The solution to success
Within today’s digital age, organisations that want to fully engage with customers should approach data management as a priority which will drive continuous revenue for the business. The first step is ensuring all customer data is up to date by regularly verifying the validity of contact data, customer engagement and retention. It will come as no surprise that consumers regularly change physical addresses, phone numbers and email addresses due to changing jobs or businesses moving, merging, or closing all together.
Effective data governance is vital for organisations that hold customer data in large quantities. Data governance encompasses the people, processes, and technology employed to manage a business’ use of data. It is essential for a business to establish a standard for data that ﬁts its needs and processes, and a plan for enforcing and supporting that standard. Data governance will serve as the checks and balances for data flow, end user adoption, and the recognition and resolution place for technical debt. This is not exclusive to large organisations, small organisations can also complete the necessary steps for this approach. To be successful and drive value to a business, data governance initiatives must come from the top and should be an organisation-wide approach.

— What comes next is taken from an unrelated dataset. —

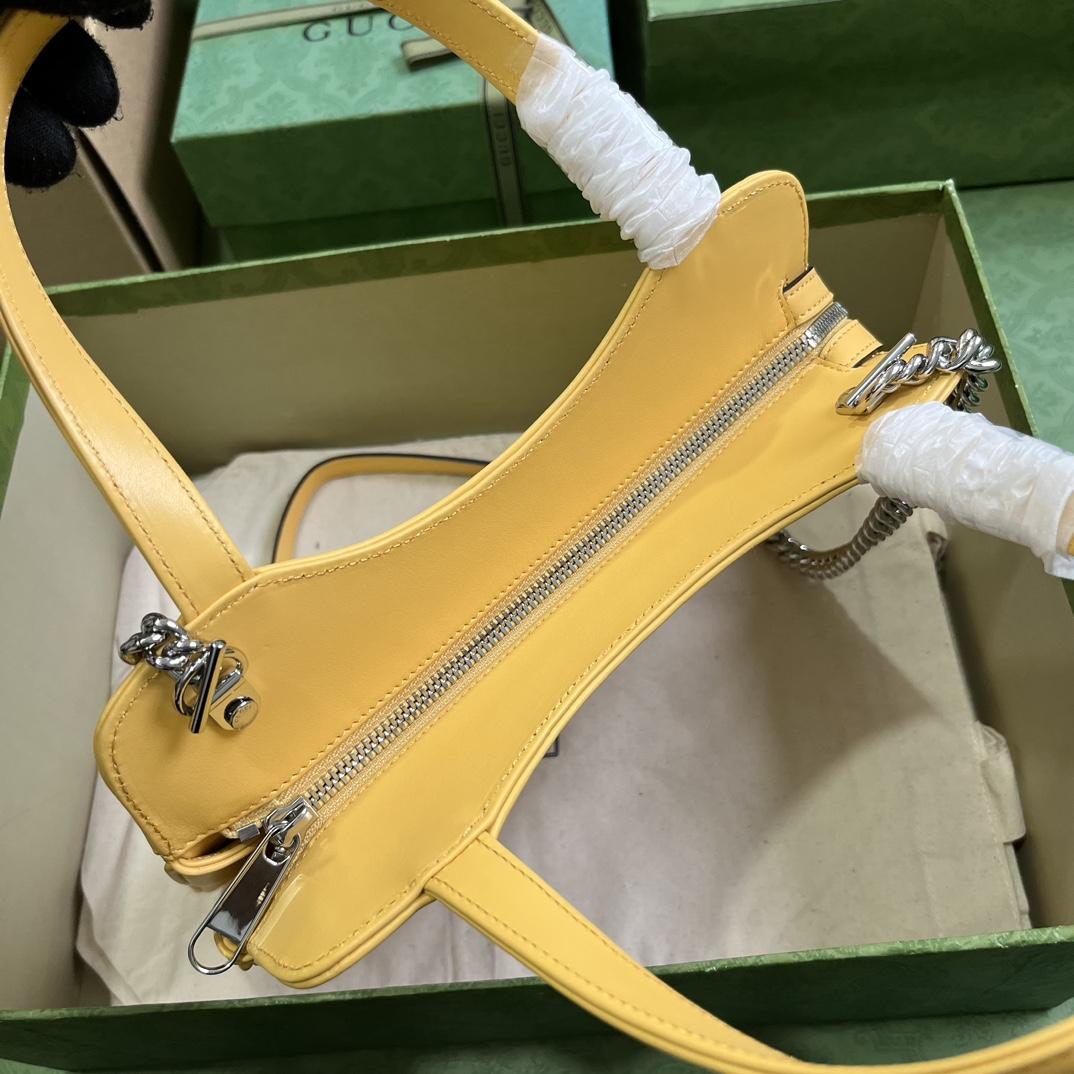 Gucci Petite GG Small Tote Bag (28-21-6.5cm) - DopestKickz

By investing in a data management platform, businesses can enhance almost every aspect of CRM. A digital platform will provide marketers with confidence in data verification and enable them to get in touch with customers via email and phone. Address verification also helps prevent errors when capturing contact data. By removing or preventing duplicate contact details, modifying data, and managing imports, brands can also keep on top of data maintenance and boost data management productivity. Digital platforms enhance operational efficiency and help organisations better understand the health of their customer data through analytics.
The importance of ethical data
Obtaining permission to use a customer’s data can often be a challenge for many brands. According to the Data & Marketing Association4, difficulties with data have increased from 10 per cent to 52 per cent for marketers, highlighting the importance of ensuring data quality and having the right tools in place to ensure data is compliant, correct, and complete. As society has become savvier towards how information is held, consumers want to have more control over what they share. In fact, according to a recent survey3 on current attitudes towards online personal data use and privacy, more than half of the respondents agreed that they were more concerned about their online privacy compared to a year ago.
The ethical use of data goes deeper than simple regulatory compliance. Enterprises adopting ethical practices of how data is collected, stored, or shared, can significantly enhance the overall customer experience. This approach includes securing clear and informed consent, safely storing data, and securing permission to use or share the data once collected. Some companies approach compliance from the perspective of fulfilling the minimum requirements of particular laws that apply to them whereas others take a more holistic view, looking at ethical data mining principles and the intent behind privacy laws to apply them across the board.
As society becomes increasingly familiar with technology, organisations are increasingly expected to adopt an ethical approach to managing customer data and provide a personalised experience for consumers. To maintain successful relationships with customers and enhance business operations, organisations should assess their marketing approaches and adopt data-driven strategies.